IN WHOSE NAME?
In the name of God we abandoned signs in the air.
What was left to us was to live, to live without bonds,
in the name of no one. We don’t bet on him
(we, who never bet), but we were young,
or the words still had light, words
of a few strange verses
that the heart encoded.
The afternoon was a child we embraced,
laughing in the false morning, and the alcohol
and its exciting silver, which later wearies and scratches,
made us walk without direction, without hurry.
It was sweet not to have a beginning, let alone a destiny.
It was sweet to be in the open air, to cross time,
to be life that doesn’t know or is only born
creating bodies that sleep like good oranges
behind the eyes.
But the night arrived, the last one, terrible and without warning,
to mow down our glances and to leave of love only asphalt.
The cities were and insomnia and any soul became small
in their reservoirs. Goodbye and blood,
continuous goodbye the gestures, verbs and days.

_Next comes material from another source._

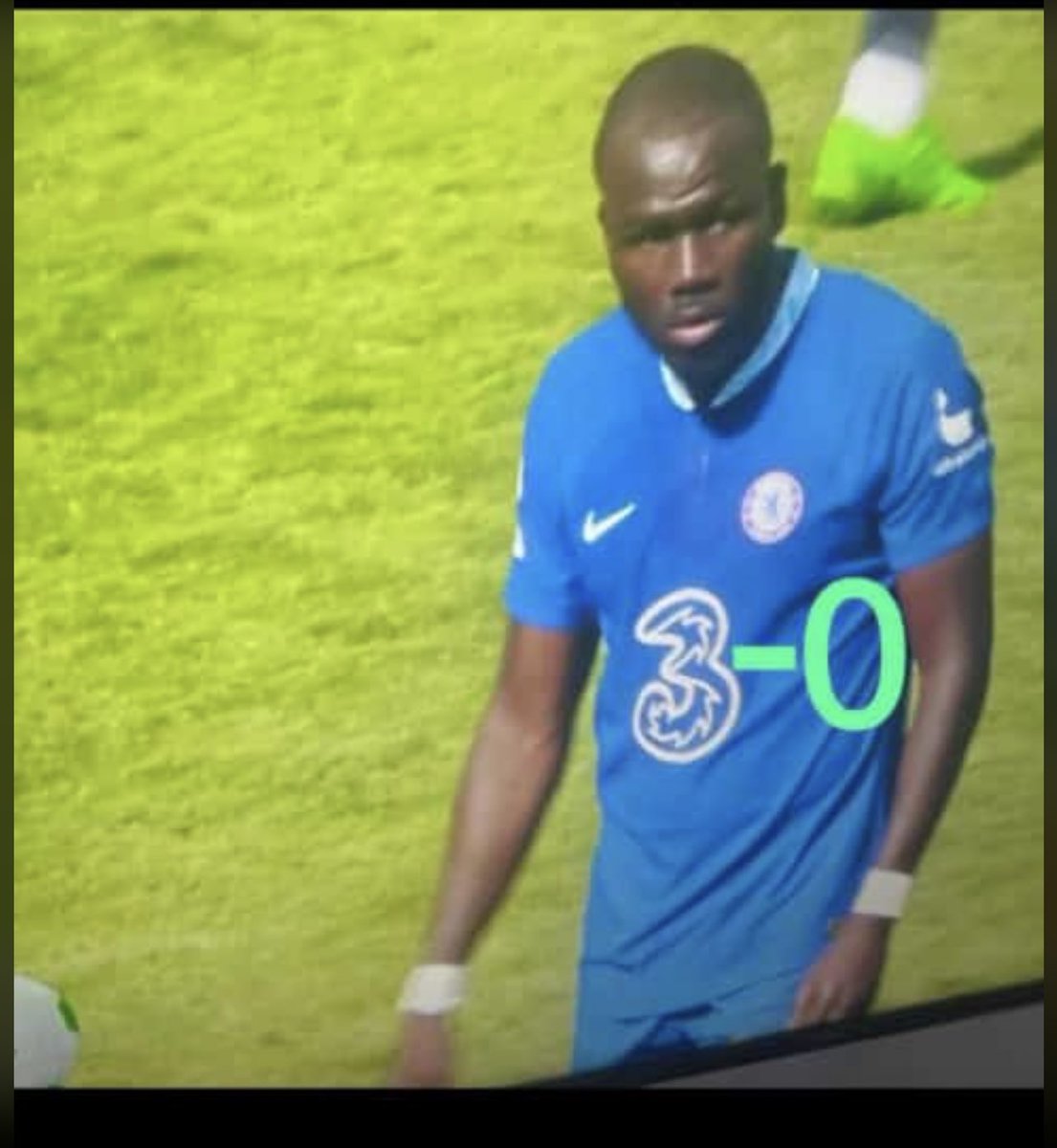 Outofcontexttr9's tweet image. 😂😂😂😂 #chelsea #LeedsUnited #LeedsUnited #leeds #mendey #koulibaly #tuchel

We had nothing: neither awkward cornices, nor expired words,
only city and isomnia, a preliminary sketch without colors
in order to cut ourselves off from him and not have a father.
Therefore we bit through the sketch and looked at the air.
What we looked for dead birds know:
a smell of morning over affable laughter.
Perhaps we didn’t have to, we who were the lost.
But we did it, and we tried to get a rainfall to return
over the tattered farms, and to live no more,
to live without having to do it in the name of anyone.